(MATERIAL FOR THIS EXERCISE begins)
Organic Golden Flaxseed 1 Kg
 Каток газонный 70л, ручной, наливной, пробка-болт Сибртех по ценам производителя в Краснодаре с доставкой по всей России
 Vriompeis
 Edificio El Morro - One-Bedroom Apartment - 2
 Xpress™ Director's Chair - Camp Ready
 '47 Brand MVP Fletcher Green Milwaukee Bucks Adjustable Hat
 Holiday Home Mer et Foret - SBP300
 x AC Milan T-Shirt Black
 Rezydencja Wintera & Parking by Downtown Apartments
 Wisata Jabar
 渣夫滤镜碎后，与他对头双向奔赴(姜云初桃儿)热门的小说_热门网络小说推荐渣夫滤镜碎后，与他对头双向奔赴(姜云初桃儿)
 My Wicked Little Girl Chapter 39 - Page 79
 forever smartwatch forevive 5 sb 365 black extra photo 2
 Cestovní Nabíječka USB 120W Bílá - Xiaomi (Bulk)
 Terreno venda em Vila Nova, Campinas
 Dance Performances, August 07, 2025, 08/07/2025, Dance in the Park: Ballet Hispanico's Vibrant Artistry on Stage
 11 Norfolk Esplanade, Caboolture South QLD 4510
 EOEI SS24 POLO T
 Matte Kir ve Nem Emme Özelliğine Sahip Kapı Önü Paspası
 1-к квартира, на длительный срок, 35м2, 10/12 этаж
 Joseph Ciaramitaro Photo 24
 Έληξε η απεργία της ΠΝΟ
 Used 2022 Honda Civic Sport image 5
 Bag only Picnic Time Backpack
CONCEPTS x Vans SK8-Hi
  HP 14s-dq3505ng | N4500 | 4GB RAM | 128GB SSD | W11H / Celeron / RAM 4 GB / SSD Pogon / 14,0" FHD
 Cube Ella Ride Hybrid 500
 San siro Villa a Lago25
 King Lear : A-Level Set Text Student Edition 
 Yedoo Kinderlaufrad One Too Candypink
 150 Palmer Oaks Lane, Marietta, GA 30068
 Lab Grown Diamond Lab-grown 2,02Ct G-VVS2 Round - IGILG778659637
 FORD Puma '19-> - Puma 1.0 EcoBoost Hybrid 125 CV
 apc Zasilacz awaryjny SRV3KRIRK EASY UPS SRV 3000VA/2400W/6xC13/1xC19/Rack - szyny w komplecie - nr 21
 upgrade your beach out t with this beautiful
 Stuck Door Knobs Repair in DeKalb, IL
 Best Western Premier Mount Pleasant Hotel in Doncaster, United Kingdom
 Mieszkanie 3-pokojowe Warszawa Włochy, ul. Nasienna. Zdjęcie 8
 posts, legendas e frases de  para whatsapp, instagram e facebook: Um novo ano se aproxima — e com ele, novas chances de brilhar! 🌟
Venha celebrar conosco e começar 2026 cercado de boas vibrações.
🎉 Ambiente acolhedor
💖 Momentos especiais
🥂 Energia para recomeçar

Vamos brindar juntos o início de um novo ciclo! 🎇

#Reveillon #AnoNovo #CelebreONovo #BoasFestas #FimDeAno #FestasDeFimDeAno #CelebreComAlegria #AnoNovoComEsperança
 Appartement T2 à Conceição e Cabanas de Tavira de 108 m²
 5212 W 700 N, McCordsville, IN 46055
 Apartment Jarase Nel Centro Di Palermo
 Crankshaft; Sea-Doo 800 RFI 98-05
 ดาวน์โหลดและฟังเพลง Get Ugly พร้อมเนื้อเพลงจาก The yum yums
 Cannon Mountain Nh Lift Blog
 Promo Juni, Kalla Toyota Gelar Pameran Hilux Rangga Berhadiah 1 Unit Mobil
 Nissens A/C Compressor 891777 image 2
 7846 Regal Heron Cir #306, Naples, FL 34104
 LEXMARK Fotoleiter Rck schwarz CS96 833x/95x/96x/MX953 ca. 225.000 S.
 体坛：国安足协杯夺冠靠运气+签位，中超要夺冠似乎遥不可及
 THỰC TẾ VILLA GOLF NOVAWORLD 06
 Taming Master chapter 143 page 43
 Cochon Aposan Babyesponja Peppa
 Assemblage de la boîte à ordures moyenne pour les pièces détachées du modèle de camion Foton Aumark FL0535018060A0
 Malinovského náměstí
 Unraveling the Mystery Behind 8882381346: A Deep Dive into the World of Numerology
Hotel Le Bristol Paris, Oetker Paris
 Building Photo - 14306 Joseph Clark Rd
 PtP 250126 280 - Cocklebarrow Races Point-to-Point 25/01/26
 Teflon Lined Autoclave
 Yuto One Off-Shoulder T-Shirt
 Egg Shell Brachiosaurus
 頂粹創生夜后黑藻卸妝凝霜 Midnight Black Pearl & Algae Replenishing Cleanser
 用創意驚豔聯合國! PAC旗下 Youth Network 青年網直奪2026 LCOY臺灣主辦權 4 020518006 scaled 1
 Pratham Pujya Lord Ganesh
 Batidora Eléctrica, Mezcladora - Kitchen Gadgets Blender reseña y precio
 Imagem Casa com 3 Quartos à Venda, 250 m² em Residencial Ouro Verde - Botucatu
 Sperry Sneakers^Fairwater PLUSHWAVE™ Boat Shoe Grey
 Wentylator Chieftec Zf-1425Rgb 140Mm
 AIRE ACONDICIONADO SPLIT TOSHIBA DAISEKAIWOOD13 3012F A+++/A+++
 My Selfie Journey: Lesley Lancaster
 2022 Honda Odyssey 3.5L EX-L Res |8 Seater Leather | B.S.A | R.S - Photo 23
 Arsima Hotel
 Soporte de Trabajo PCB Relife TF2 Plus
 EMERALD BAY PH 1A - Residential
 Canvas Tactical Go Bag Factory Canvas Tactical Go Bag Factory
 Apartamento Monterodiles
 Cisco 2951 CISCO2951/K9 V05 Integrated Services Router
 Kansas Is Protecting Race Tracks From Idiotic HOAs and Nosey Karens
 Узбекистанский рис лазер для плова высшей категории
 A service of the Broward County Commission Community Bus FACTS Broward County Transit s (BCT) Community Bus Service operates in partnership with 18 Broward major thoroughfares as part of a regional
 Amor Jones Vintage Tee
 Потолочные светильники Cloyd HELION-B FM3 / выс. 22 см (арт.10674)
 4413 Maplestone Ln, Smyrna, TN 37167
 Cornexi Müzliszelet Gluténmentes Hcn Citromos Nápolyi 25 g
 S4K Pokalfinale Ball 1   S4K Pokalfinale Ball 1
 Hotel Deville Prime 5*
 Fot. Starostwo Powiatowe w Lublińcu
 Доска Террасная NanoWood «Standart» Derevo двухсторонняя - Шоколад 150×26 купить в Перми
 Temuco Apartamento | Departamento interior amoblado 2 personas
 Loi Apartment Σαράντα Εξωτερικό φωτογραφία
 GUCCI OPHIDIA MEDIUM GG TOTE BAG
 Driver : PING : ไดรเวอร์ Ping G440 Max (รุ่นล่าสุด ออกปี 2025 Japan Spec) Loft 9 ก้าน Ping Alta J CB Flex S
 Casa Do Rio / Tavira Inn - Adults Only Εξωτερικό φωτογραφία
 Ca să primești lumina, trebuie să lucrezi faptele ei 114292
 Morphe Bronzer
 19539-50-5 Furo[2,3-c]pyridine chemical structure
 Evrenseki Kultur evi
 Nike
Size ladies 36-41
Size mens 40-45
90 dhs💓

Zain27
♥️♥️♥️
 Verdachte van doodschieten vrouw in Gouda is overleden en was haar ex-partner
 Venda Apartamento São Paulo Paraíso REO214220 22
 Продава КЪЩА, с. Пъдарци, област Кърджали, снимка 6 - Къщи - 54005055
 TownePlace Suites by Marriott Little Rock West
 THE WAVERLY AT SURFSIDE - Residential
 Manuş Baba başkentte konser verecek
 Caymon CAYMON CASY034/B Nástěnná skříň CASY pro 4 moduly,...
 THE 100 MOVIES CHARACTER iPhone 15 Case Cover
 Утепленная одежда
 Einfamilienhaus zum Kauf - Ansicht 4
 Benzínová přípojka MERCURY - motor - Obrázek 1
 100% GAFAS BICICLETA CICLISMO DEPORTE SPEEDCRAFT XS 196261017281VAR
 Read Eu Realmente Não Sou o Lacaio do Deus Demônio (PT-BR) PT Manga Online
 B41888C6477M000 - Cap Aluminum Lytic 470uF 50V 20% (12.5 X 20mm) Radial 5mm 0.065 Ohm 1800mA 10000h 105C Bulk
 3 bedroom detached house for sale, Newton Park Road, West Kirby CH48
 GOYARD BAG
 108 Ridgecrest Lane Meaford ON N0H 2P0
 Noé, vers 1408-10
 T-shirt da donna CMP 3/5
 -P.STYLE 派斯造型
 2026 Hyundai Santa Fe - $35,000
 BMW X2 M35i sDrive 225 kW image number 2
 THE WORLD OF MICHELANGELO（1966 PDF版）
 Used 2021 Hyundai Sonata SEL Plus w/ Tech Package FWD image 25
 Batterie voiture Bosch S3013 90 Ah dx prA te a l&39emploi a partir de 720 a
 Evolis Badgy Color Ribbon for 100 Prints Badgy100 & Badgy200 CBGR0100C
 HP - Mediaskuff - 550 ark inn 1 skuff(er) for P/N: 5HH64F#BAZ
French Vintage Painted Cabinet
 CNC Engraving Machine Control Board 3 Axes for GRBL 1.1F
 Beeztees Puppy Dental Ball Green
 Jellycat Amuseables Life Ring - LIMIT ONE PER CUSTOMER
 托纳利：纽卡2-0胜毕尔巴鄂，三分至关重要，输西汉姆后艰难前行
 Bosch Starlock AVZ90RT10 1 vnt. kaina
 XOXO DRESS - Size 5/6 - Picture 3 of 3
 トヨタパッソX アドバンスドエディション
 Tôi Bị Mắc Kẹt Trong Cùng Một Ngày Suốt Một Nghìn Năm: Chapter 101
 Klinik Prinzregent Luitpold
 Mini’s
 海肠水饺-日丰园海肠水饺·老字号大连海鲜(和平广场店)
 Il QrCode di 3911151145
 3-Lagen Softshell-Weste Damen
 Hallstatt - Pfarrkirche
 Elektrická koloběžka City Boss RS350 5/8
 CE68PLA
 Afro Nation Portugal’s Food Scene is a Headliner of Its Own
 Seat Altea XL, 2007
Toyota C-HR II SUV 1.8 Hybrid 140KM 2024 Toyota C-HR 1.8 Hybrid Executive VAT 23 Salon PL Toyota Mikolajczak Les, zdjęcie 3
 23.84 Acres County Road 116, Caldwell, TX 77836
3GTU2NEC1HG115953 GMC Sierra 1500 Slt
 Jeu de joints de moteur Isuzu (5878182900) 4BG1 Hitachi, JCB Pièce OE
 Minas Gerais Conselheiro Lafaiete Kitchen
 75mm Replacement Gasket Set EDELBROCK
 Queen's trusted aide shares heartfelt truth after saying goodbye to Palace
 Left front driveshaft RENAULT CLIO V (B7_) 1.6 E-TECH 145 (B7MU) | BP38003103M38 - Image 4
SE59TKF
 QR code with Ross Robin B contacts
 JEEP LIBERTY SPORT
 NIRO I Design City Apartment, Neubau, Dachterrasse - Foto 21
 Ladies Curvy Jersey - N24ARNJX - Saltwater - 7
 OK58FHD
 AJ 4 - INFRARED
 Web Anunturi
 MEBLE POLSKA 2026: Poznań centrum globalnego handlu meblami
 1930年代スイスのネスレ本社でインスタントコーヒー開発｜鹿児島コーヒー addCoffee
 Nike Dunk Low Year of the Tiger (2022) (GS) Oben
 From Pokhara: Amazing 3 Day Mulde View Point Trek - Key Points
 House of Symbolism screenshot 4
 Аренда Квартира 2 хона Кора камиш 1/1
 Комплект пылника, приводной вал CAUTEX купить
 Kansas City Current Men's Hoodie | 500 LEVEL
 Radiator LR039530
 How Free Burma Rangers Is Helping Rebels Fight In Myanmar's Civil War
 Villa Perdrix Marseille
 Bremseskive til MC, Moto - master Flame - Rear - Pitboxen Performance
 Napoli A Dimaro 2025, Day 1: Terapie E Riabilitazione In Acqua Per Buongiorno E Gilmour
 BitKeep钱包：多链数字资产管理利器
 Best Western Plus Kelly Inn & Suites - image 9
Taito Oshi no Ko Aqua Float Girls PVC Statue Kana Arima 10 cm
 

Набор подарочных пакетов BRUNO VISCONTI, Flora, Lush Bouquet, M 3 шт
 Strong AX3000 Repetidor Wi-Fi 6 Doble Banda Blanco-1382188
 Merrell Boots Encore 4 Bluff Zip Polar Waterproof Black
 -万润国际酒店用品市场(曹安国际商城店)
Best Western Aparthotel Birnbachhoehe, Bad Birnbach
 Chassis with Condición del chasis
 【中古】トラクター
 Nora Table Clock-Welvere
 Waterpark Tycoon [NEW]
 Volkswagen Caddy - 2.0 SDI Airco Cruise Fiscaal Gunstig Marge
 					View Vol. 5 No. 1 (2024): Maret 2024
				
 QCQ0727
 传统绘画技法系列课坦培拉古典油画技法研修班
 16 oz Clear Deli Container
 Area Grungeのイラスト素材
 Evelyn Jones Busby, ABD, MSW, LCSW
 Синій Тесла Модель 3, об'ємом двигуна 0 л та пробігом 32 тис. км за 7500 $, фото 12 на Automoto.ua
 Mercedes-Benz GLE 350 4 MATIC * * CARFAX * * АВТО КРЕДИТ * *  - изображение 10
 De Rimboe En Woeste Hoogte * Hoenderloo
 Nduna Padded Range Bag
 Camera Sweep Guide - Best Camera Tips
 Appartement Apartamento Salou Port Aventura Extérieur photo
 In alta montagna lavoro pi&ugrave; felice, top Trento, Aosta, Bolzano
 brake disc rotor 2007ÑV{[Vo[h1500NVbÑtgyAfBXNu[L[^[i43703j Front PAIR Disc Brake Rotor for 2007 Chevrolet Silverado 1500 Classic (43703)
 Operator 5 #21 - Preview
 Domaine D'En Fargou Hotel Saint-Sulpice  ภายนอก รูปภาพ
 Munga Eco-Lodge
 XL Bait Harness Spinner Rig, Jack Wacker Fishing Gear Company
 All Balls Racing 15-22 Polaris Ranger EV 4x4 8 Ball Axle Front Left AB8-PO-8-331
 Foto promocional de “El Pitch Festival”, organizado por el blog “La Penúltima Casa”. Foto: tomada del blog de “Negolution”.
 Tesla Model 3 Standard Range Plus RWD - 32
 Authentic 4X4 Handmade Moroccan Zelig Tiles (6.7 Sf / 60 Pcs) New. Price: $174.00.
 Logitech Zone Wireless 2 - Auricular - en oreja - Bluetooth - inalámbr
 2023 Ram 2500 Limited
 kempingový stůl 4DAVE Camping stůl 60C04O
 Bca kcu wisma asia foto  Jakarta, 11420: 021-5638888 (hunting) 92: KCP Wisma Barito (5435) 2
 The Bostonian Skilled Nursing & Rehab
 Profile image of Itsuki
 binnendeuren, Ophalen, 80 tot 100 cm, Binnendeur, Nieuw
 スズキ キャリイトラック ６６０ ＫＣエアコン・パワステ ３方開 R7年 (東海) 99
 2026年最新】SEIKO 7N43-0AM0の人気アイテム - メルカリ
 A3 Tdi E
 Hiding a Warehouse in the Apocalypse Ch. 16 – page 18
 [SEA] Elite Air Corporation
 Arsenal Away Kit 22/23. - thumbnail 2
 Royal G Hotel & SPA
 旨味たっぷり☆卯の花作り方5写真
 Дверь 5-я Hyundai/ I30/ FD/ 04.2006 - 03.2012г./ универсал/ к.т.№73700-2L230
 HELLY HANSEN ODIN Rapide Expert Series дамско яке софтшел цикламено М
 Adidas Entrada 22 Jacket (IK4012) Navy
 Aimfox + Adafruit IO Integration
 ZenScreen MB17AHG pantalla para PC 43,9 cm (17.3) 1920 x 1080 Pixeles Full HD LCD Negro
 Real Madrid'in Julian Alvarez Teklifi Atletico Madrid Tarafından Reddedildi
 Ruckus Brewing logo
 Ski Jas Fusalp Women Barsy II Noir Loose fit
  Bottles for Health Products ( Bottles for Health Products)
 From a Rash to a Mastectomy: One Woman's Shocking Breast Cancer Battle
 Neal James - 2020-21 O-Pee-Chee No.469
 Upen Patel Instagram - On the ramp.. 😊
(MATERIAL FOR THIS EXERCISE ends)
EXERCISE GOAL
Every line holding the word "Apartamento" should be copied out of the records above.

RESULT
 Apartamento Monterodiles
 Temuco Apartamento | Departamento interior amoblado 2 personas
 Venda Apartamento São Paulo Paraíso REO214220 22
 Appartement Apartamento Salou Port Aventura Extérieur photo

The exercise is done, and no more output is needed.